• **Problem statement**:
Below are entries; output exactly the lines from the one with "OPAL 4.19 Ct." to the one with "- зображення 2", both included, and nothing else.

• **Record set**:
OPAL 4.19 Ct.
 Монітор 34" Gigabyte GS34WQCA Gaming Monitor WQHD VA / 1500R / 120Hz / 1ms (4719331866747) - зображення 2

* * *

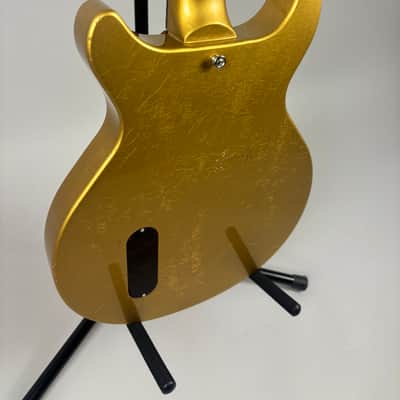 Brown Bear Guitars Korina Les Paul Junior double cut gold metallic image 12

--

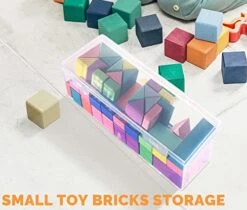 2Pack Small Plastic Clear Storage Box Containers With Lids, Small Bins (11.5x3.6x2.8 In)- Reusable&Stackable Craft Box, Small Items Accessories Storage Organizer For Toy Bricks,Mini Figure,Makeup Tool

• **Solution for this problem**:
OPAL 4.19 Ct.
 Монітор 34" Gigabyte GS34WQCA Gaming Monitor WQHD VA / 1500R / 120Hz / 1ms (4719331866747) - зображення 2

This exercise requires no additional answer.